Excerpted records Block Start

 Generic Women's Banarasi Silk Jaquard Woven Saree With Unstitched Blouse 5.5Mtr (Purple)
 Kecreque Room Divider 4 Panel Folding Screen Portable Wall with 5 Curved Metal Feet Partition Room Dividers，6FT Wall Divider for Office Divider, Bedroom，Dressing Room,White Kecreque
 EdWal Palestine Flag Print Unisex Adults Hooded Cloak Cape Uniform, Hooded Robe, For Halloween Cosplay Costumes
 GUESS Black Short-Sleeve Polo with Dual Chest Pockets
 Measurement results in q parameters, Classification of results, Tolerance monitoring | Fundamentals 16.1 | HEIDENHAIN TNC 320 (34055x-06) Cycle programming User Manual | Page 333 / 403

Excerpted records Block End
Excerpted records Block Start

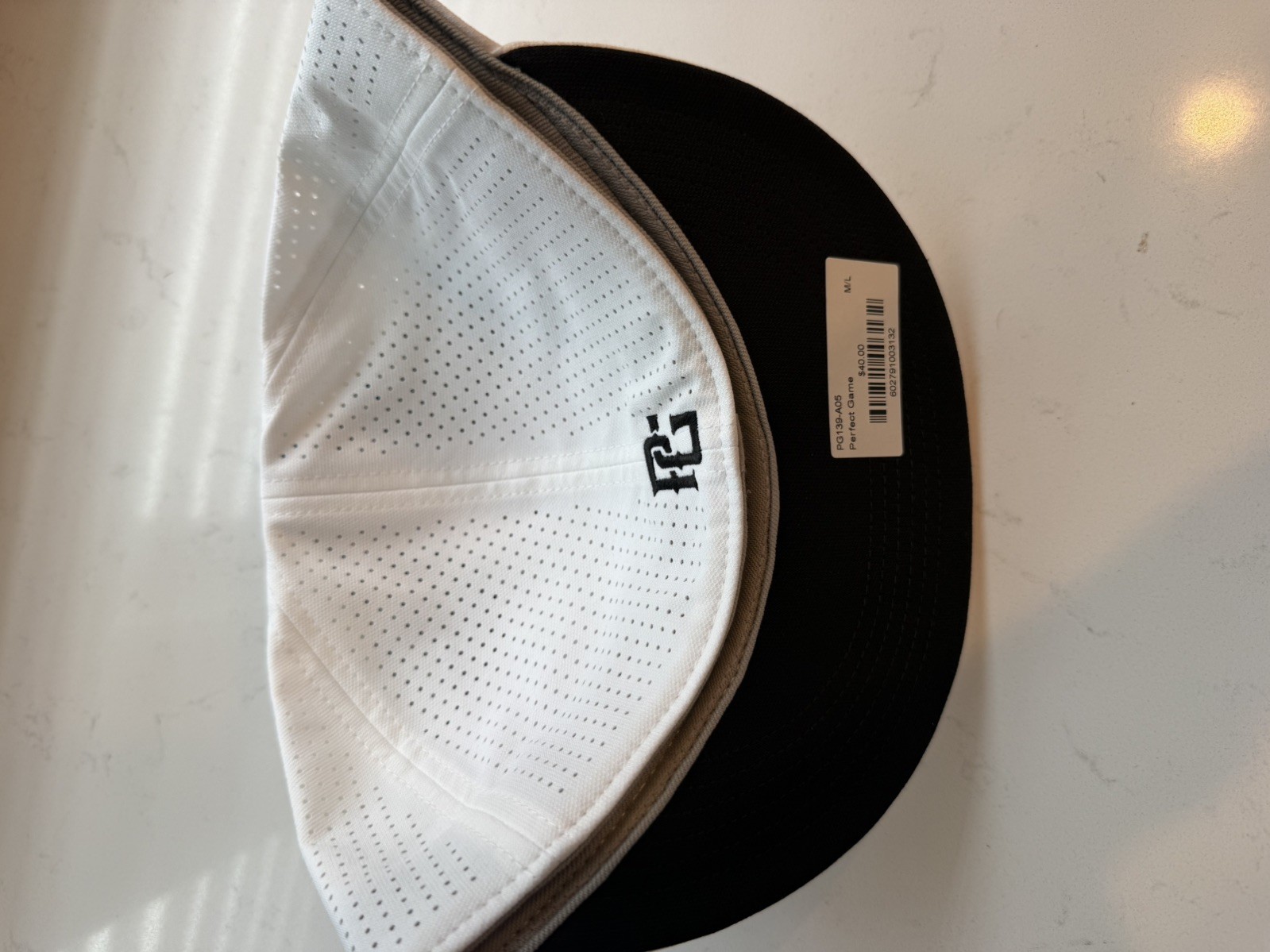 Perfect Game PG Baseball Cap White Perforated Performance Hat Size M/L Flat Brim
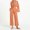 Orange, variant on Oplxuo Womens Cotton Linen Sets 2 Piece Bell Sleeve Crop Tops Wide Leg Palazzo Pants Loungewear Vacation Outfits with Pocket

Excerpted records Block End
Excerpted records Block Start

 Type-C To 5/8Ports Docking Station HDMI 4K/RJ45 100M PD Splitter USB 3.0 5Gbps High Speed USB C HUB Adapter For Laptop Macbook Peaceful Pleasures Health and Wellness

Excerpted records Block End

— Problem to work on —
Please, from the entries above, set down exactly the lines from the one containing "Generic Women's Banarasi" through the one containing "EdWal Palestine Flag", and only those.

— Exercise solution —
 Generic Women's Banarasi Silk Jaquard Woven Saree With Unstitched Blouse 5.5Mtr (Purple)
 Kecreque Room Divider 4 Panel Folding Screen Portable Wall with 5 Curved Metal Feet Partition Room Dividers，6FT Wall Divider for Office Divider, Bedroom，Dressing Room,White Kecreque
 EdWal Palestine Flag Print Unisex Adults Hooded Cloak Cape Uniform, Hooded Robe, For Halloween Cosplay Costumes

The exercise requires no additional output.